Given material

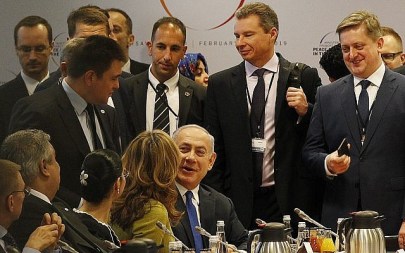Israeli Prime Minister Benjamin Netanyahu, center, arrives for a session at the conference on Peace and Security in the Middle East in Warsaw, Poland, Thursday, Feb. 14, 2019. (AP Photo/Czarek Sokolowski)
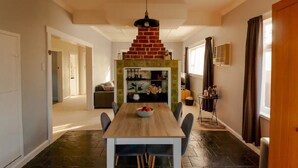 Een eetgedeelte met een open haard van baksteen, een houten tafel en stoelen.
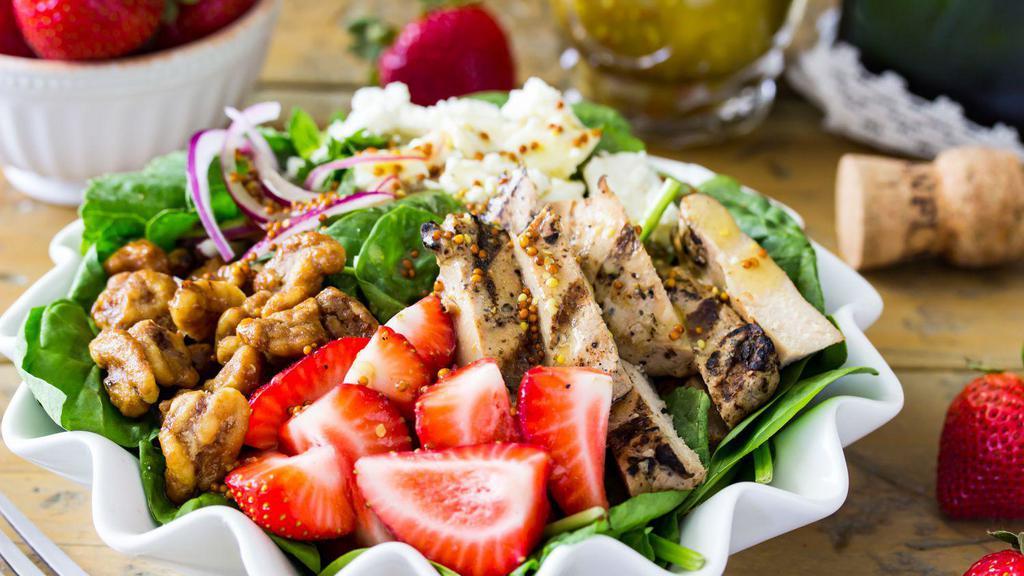 Strawberry Pecan Grilled Chicken Salad · Field greens, crisp romaine, fresh strawberries, red onion, smoked bacon, candied pecans, grilled chicken, bleu cheese, pear-gorgonzola vinaigrette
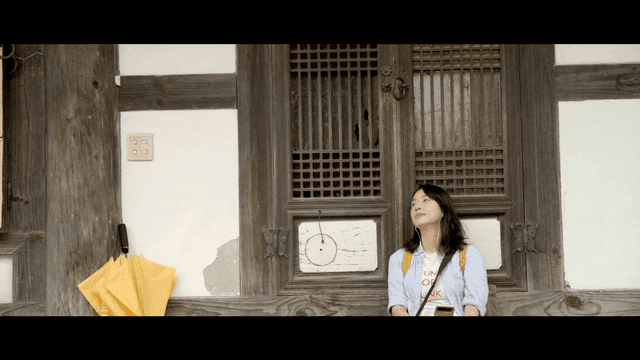 Woman wearing earphones resting while leaning against Hanok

Your instructions
Write out exactly the lines between the start of the data and the line with "Een eetgedeelte met", including both, but none of the pictures.

Exercise output
Israeli Prime Minister Benjamin Netanyahu, center, arrives for a session at the conference on Peace and Security in the Middle East in Warsaw, Poland, Thursday, Feb. 14, 2019. (AP Photo/Czarek Sokolowski)
 Een eetgedeelte met een open haard van baksteen, een houten tafel en stoelen.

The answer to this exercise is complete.